My thesis adviser had been the first to point out that I'd developed what people in the field call a bias. I had a heightened appreciation for the value of eyewitness accounts. I always leaned toward the catastrophists' viewpoint, that while the ordinary eruptions needed to be documented, the complete cataclysms had the real answers; they were the ones that had to be milked for all they could yield. “What do we have here?” my adviser would say wearily as he picked up another new batch of text. “More screamers?” “Screamer” was his term for Krakatau eyewitnesses. He called their rough calculations, made under what geologists would laconically call stressful situations, “Fay Wray calculations.”

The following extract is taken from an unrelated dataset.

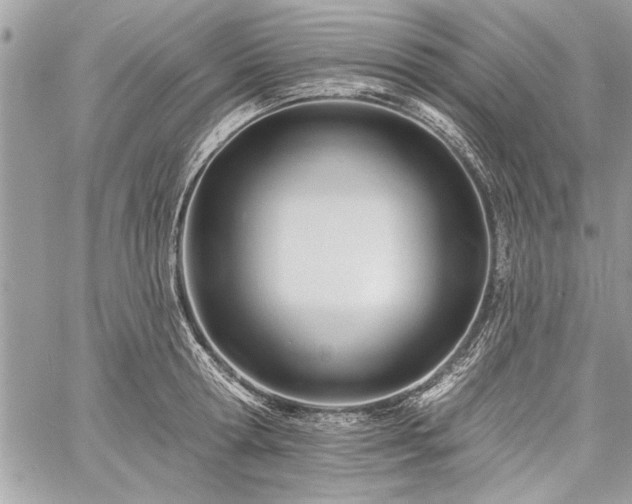 X0000060740802200511141131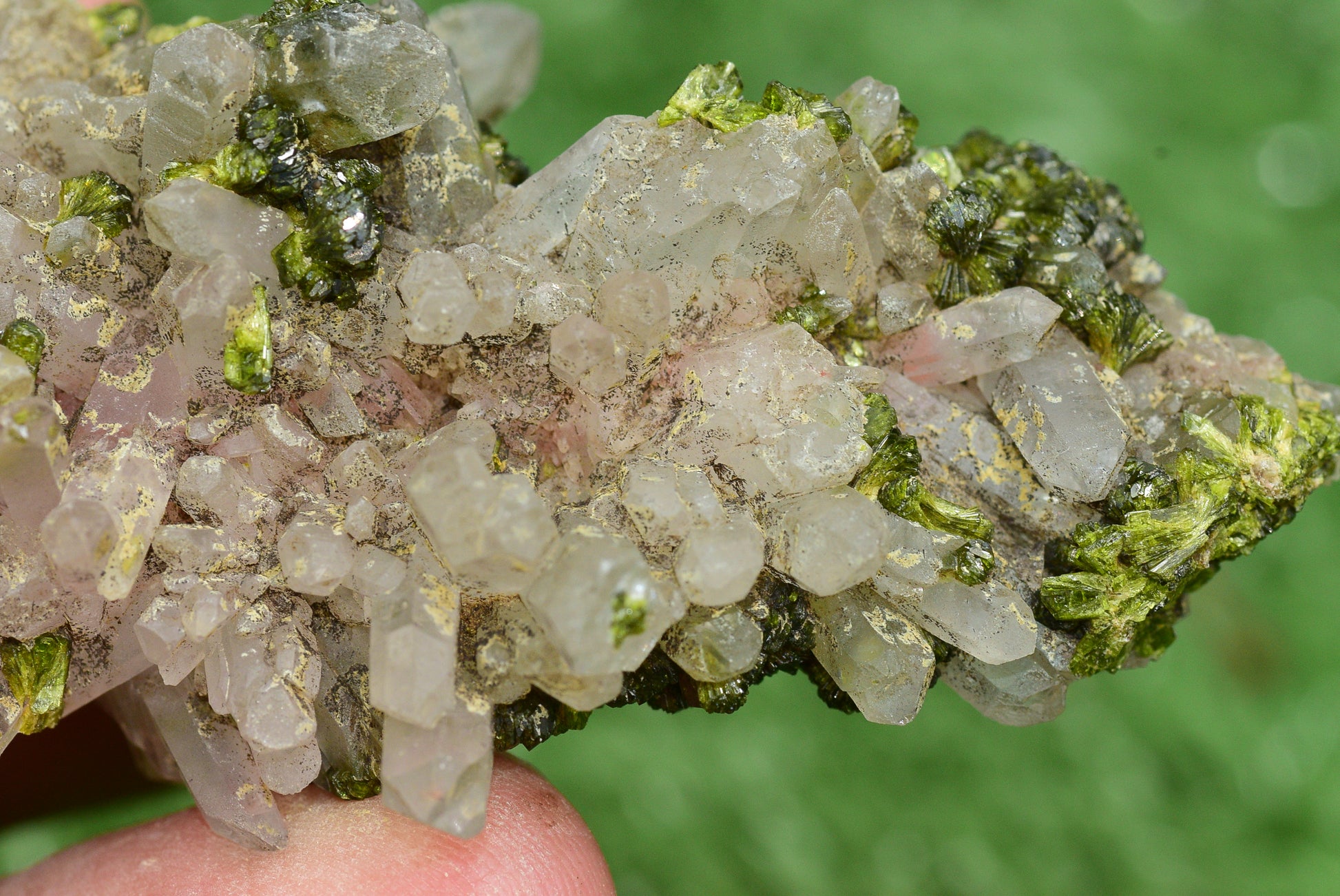 Stunning Epidote in Quartz Cluster from Imilchil, Morocco - A Unique Piece - MeteoriteNwa.com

AND YET, OFTEN enough for me, working backward from a dispassionate scientific measurement—the tidal gauges at Jakarta, say— I'd be able to corroborate one more eyewitness account.

I N MY DUMPY carrel at the Grad Library I had narrowed the actual subject of my thesis down to the precise causes of the Krakatau tsunamis that swamped Java and Sumatra. This was a reasonably controversial topic. There were all sorts of wave-forming mechanisms, all of which could have operated to some extent at Krakatau. The problem was to understand which mechanism was the dominant one. The expectation was not so much that I would find a solution to the problem as add something intelligent to the debate.